Just outside the airport is this portal to the open-air chapel at the park:

I'm not a church-goer, but this is something I'd like to try sometime, assuming I can get down there by 8am. I guess campers don't sleep in very late!

As I walked down the road towards the park, I saw this:

For anyone that thinks our government can stem the tide of illegal immigrants invading us from the south with a fence, consider exactly what it means for our government to build a fence. As they say, a chain (-link fence) is only as strong as it's weakest link, or in this case, gap.

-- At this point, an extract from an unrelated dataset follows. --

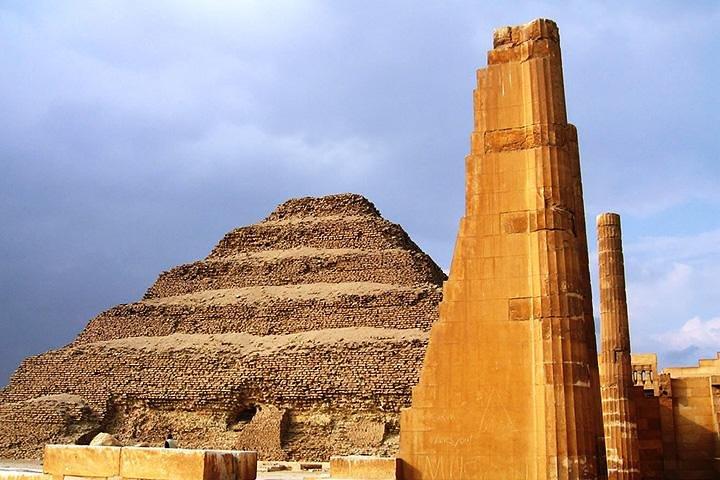 Pyramids, Sakkara & Dahshur Tour au Caire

Rocky Fork is the home of the only "Wildlife Diversity Area" that I've ever seen, and I naturally wondered (give my knowledge of the connotations of the word "diversity") if there is some kind of quota or affirmative action policy in place:

They also have a very nice bird observation area, although I've never had much success in seeing any birds, which may simply be a case of someone forgetting to tell, you know, the birds about it, and it's been my experience that you can't expect much by way of reading comprehension out of them:

I was a little luckier today, though, and was able to get a few pictures of this guy:

It was hot hot hot, and it looked as if there was some weather building up to the west, so I kept my walk short and headed back to Bolton after only an hour or so of walking. About 10 miles out of Bolton, the view to the left was looking pretty threatening so I ran Papa up to a healthy 2500 RPM and scooted back to the barn at a nice 155 knots. The landing was passable, what with there still being very little by way of wind to deal with. As I taxied by the FBO, I saw my AP/IA parked in front of the hangar getting his boat ready for the water. Personally, I think he made the right choice in the boat vs. airplane question today. It was a nice trip, but I wouldn't have wanted to stay out much longer than I did. As I type this, I can here thunder in the distance, signaling an impending thunder-bumper. It's good to be home when that happens! I'm not a real big fan of Weather Diversity Areas, as it turns out.

1 comment:

  1. Dave,

    Greetings. I enjoyed hanging with the McGinnis/OSU clan yesterday. It is rare day that I can have alternate conversations in my two favorite areas of interest; Cols. jazz music culture and home-built flyin' machines.
    I checked your most recent blog and I was transported to the ramp and wildlife diversity area. Nice writing and photography; I look forward to reading more, now that I bookmarked your site.
    Here's mine;

    I am celebrating my fortieth year as a paid, profession musician by going into the archives to document my roots. I hope you enjoy mine as I have yours.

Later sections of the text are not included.